The 1st applicant depones that the appeal has high chances of success and the applicants will suffer irreparable loss if the orders sought are not granted.
On 17th July, 2015, the respondents herein filed a statement of Grounds of Opposition in response to the application in which they state that the application is premature, misconceived, incompetent and otherwise legally untenable because it is based on a negative order of dismissal of the applicants suit at the lower court not capable of being stayed and consequently this court lacks jurisdiction to entertain the application.
The respondents state that the application does not meet the mandatory conditions for grant of orders of stay of execution pending appeal as envisaged in Order 42 Rule 6 of the Civil Procedure Rules.

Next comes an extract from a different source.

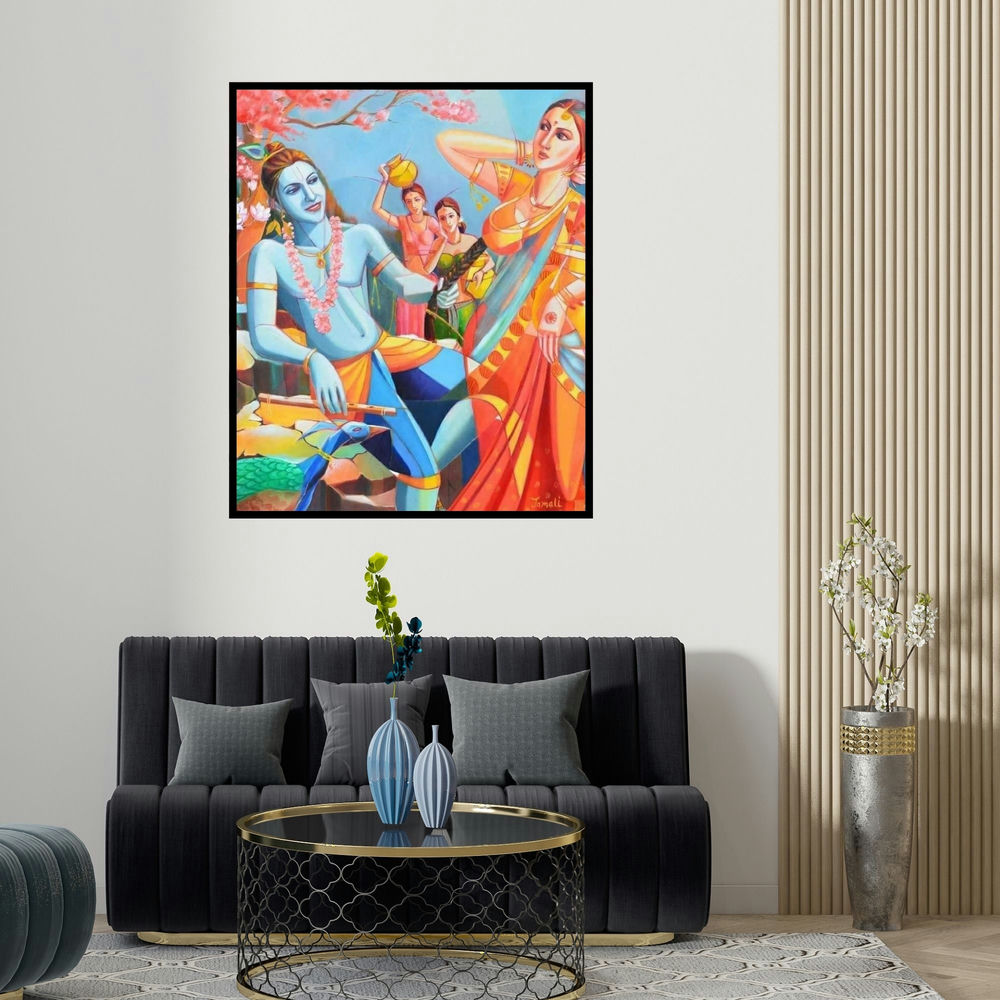 'Gopinath 2' painting by Tamali Das shown on a wall in a furnished room.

The respondents further state that the application is devoid of merit, has been filed after an unreasonable and inordinate delay and is intended to delay obstruct and/or otherwise defeat the due process of court.
On 15th June, 2015, the applicants obtained an interim order of stay of execution pending the interpartes hearing and determination of this application.
On 14th October 2015 parties agreed to canvass the application by way of written submissions.
Applicants’ submissions
The applicants’ submission is that they have already filed an arguable appeal before the high court which appeal has high chances of success and they will suffer irreparable loss if the orders sought are not granted while the respondents will not suffer any prejudice should an order for stay of execution be granted.
Respondents’ submissions
The respondents submit that the judgment rendered by the lower court on 5th March, 2015 was a dismissal of the appellants, case before the lower court case with costs to the respondents.
The respondents argue that a dismissal of a suit is a negative order not capable of being stayed and therefore, the instant application is misconceived.
The respondents contend that in the absence of a positive order capable of being stayed, this court is being asked to grant orders of stay of execution in a vacuum and that such orders will be orders made in vain.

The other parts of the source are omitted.